Eyes got wider and wider. Charlie forgot about disassembling his chair. A ‘No way’ came from someone behind Cassie. Cassie could feel something inside her expanding, expanding, expanding, even as she wondered how on earth this grandpa could not need the world’s largest breath. And just when she was sure that the guy was going to pass out dead on the music room floor, he launched into these notes that were like a beating heart–percussive, deep, rhythmic. Then he sped it up till it was more like a heart attack. Then flicked notes like pebbles being skipped across still water. After that came a part that was like the worst argument Cassie had ever had with her dad.

And then. Then he was playing a scream. Like he’d put up with something so long that he couldn’t stand it one second longer. So he went out on the porch in front of his house and screamed until the birds flew out of the trees and the streetlights shattered.

Then silence.”

Lily [now, in eighth grade]:

“Lily remembers a day when she was little, maybe three or something, when, sun warm on her shoulders, she spent the whole afternoon jumping off the dock behind her house.

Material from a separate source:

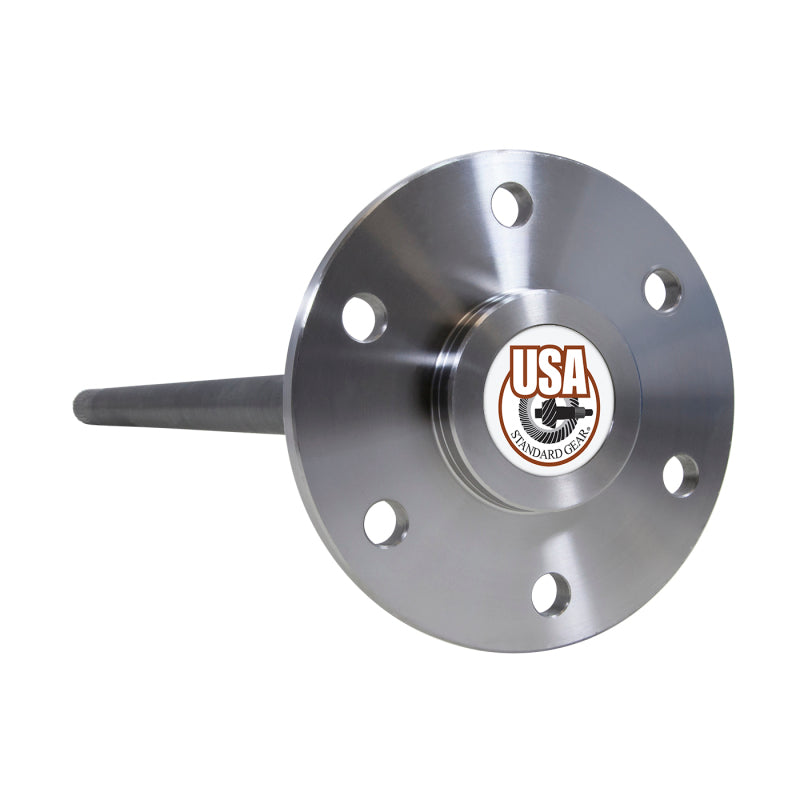 Yukon Gear 1541H Alloy Left Hand Rear Axle For GM 7.625in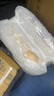 山姆會(huì )員超市MM烘焙零食傳統西式糕點(diǎn)甜品Tafe豆乳夾心面包1Kg 豆乳夾心面包整箱（約25小包） 曬單實(shí)拍圖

She'd run and jump, and her dad would catch her and swim her back to the dock. Then she’d run and jump again. Again. Again. It never occurred to her that he might not catch her. She wasn’t scared to fling herself as far out over the shining water as she could.

Now she knows that you can’t always trust that. Now she knows that people can get distracted or busy. Or maybe decide that you should learn to swim back on your own. She’s not sure what happened with her dad. But she knows you have to be careful about jumping. She’s not three anymore.

But Mr. Lewis’s class is different. He makes it different. Safer than the rest of the world somehow while still being exciting.

Now, more than half a year into Jazz Lab, it can feel like that sunny dock some days. It can feel like she can close her eyes and fling herself out over the sea of silvery notes, arms windmilling through the air in the sheer joy of jumping.”

PLAYING THROUGH THE TURNAROUND is a coming-of-age story featuring six young people. All but one are talented young musicians who have auditioned into the school’s eighth grade Jazz Lab class. It’s taught by legendary, beyond-retirement-aged Mr. Lewis, and completion of the class guarantees each of these kids a spot next year in Mr. Lewis’s high school jazz ensemble.

As they learn to collaborate in the art of jazz improvisation, friendships develop and grow in the process. There are many wonderful scenes depicting the sometimes complicated interrelationships.

Then everything goes wrong. “Fiscal responsibility” rears its political head and threatens to eliminate many of their school district’s elective classes. Then Mr. Lewis is suddenly gone. The friends now join together as newly minted activists to try to save the threatened classes and secure Mr. Lewis’s return.

Alternating between the voices and points of view of the six characters, PLAYING THROUGH THE TURNAROUND provides a vivid characterization of each of these young people. From the beginning, each student character is quite rounded and distinctive. Dealing with family problems, bullies, and the unreasonable school principal, they are all fascinating and unique people. They are amazing, amusing, and passionate.

And when cornered, one of them can even break a nose.

The evidence is abundant that the long-run costs to society and taxpayers of undereducated grownups far exceed the money “saved” by politically-charged school budget austerity measures. Given the complexities and world-threatening challenges to be inherited by today’s upcoming generations, it would make more sense to establish universal public school Pre-K classes and free public community colleges. Sure, it means some more funding but, given the future stakes, I put my money on well-educated young people. The alternative is a penny-wise/pound-foolish mistake.

Whatever your favorite band or your ideas on school budgets, PLAYING THROUGH THE TURNAROUND is a winner.